Heat stroke is triggered by heat, but is driven by endotoxemia and the downstream effects of systemic inflammation, acute phase response and the pyrogenic response. Whereas heat stroke and its related fatality commonly occur at core temperature (Tc) >40°C, healthy individuals have tolerated Tc 40°C-42°C without symptoms of heat stroke, suggesting that besides hyperthermia, there are other factors that can also cause heat stroke. The “Dual-pathway model (DPM)” suggests that heat stroke is triggered by the endotoxemia pathway at Tc up to ~ 42°C and independently, by heat toxicity at Tc >42°C. The second pathway in the DPM is based on evidence showing that cytoskeletal structures start to disintegrate at ambient temperature >41.5°C. Since most exertional stroke cases occur at Tc <42°C, the endotoxemia pathway, and not heat, might be the primary cause of heat stroke in the active population.

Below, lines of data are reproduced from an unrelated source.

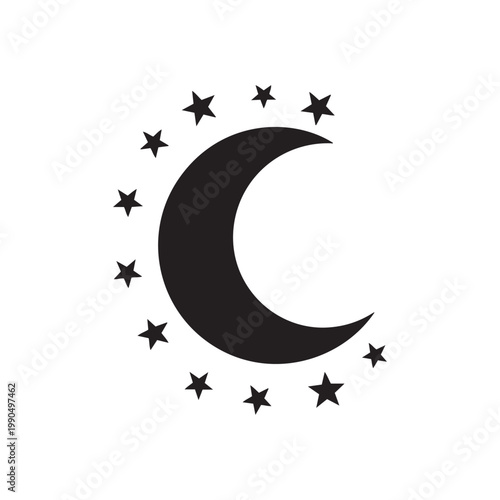 Night sky icon depicting crescent moon and stars in a square graphic element used for websites applications and designs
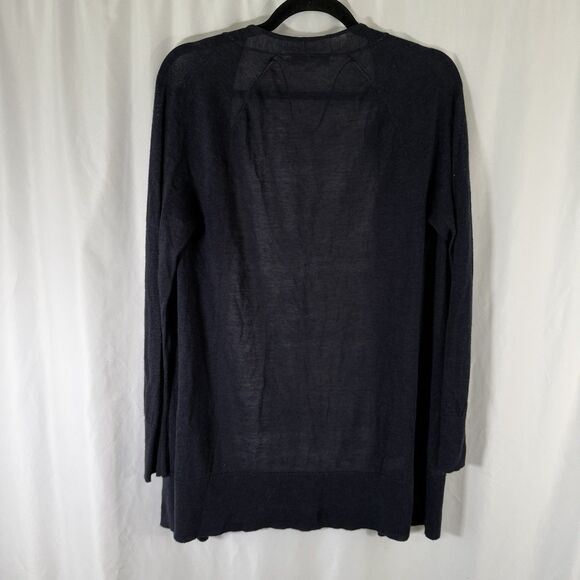 LOFT Cardigan Women's Medium Solid Blue Lightweight Ramie Blend Open Front - Picture 7 of 9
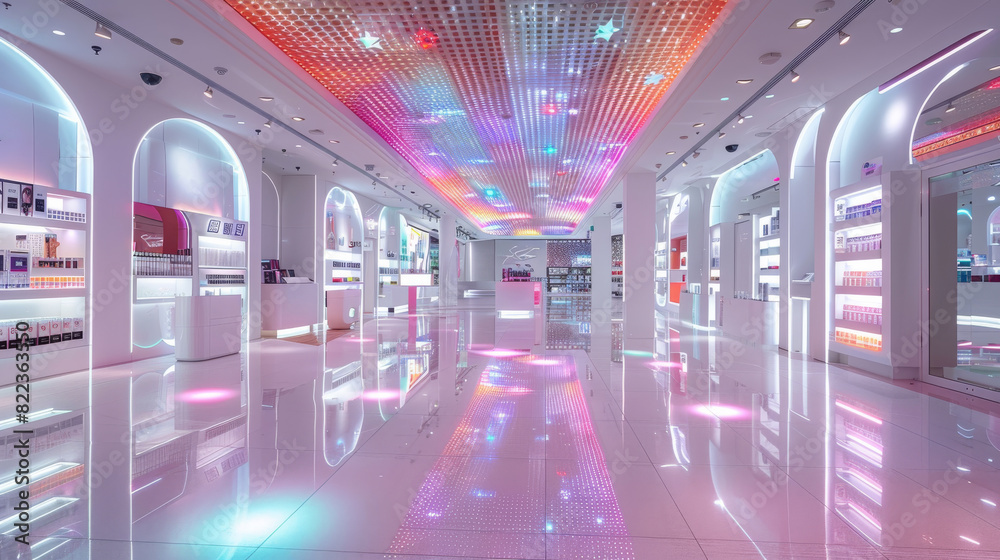 Aufkleber A high-end electrical goods store with an open floor plan and white and pink tiles on the floor. The ceiling is decorated with multi-colored LED lights that create unique patterns. Generative AI.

Current evidence suggests that exercising under a poor state of health and a compromised immune system may also cause heat stroke, independent from the effects of hyperthermia. Strategies to prevent heat stroke should put equal emphasis on maintaining a good state of health and immune function. The current practice of focusing primarily on heat strain and hydration to prevent heat stroke may not have comprehensively addressed the pathophysiology of heat stroke and may explain why heat stroke continues to occur after more than 2000 years.